Primary Carcinoid Tumor of the Testis Found at the Time of Elective Sterilization

JOHN C. THOMAS AND J. STEPHEN JONES

From the Urological Institute, Cleveland Clinic Foundation, Cleveland, Ohio.

Correspondence to: Dr J. Stephen Jones, Urological Institute, Desk A100, Cleveland Clinic Foundation, 9500 Euclid Ave, Cleveland, OH 44195 (e-mail: joness7{at}ccf.org).
Received for publication October 1, 2003; accepted for publication December 3, 2003.

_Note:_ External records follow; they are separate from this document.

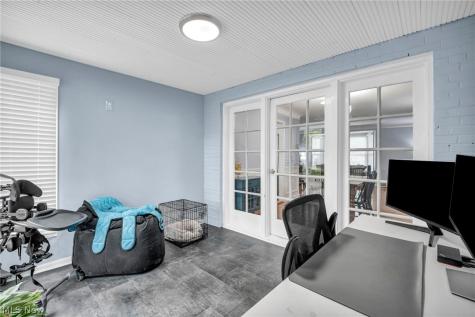 3683 Stoer Road Shaker Heights OH 44122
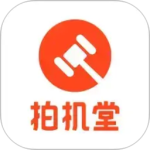 拍机堂app正版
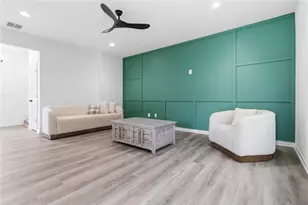 5445 Speckled Wood Ln, Gainesville, GA 30506 - Photo 5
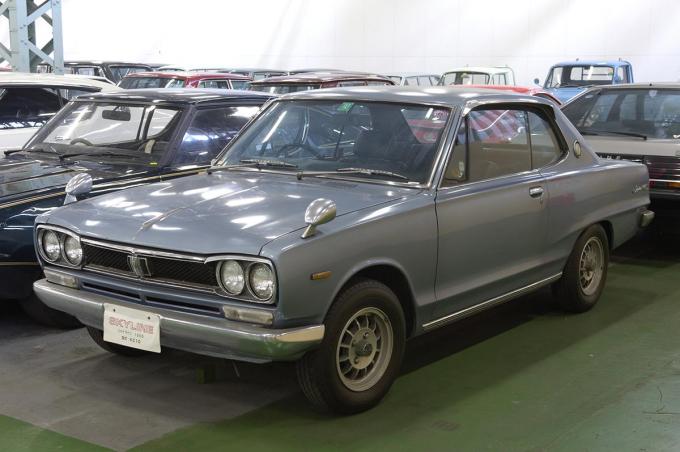 画像ギャラリー 名車じゃないフツーの古いクルマだけど新車並みのバリバリ極上車 果たして高値が付く 画像2 自動車情報 ニュース Web Cartop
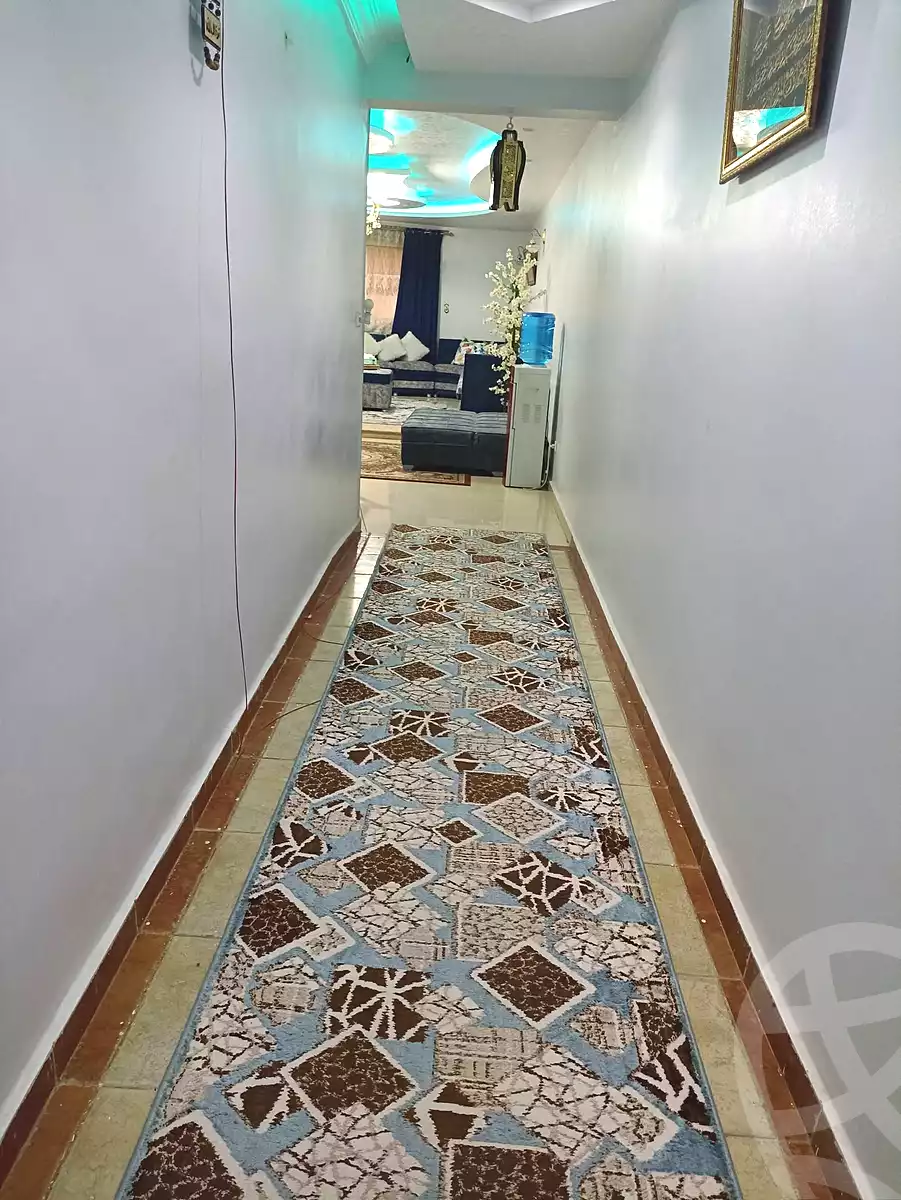https://aqarmap.com.eg/ar/listing/7132356-for-sale-cairo-faisal-el-maryotyah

Carcinoid tumor of the testis can occur as a primary neoplasm or as metastases. This tumor accounts for less than 1% of all testicular neoplasms, with 1.1%–3.1% of cases associated with carcinoid syndrome (Hayashi et al, 2001). We report a case of primary carcinoid tumor of the testis found during examination prior to elective sterilization.

Case Report

A 41-year-old patient seeking elective sterilization presented with a thickened, tight scrotum. No abnormalities were noted during physical examination. Per our protocol, aggressive scrotal reheating with a warm towel was used prior to vasectomy to help identify the vas deferens. A "fullness" of the right testis was observed that was not evident during preoperative consultation or by patient testicular self-examination. Per the patient's request, bilateral vasectomies were performed, and the patient underwent a scrotal ultrasound that showed a 3.1- x 2.2- x 1.9-cm hypoechoic mass in the superior right testicle. He subsequently underwent a radical inguinal orchiectomy. Preoperative ß-human chorionic gonadotropin and {alpha}-fetoprotein were normal. Pathologic analysis showed a pure carcinoid tumor associated with teratoma (Figure 1). Immunohistochemical staining was positive for chromogranin and synaptophysin (Figure 2). Upon learning the diagnosis, the physician ordered a subsequent workup that resulted in a negative computed tomographic scan of the chest, abdomen, and pelvis; a negative 24-hour urinary 5-hydroxyindolacetic acid (HIAA) test; and a serum serotonin level measurement. There were no physical signs of carcinoid syndrome. The patient has been monitored for 9 months and has no evidence of disease.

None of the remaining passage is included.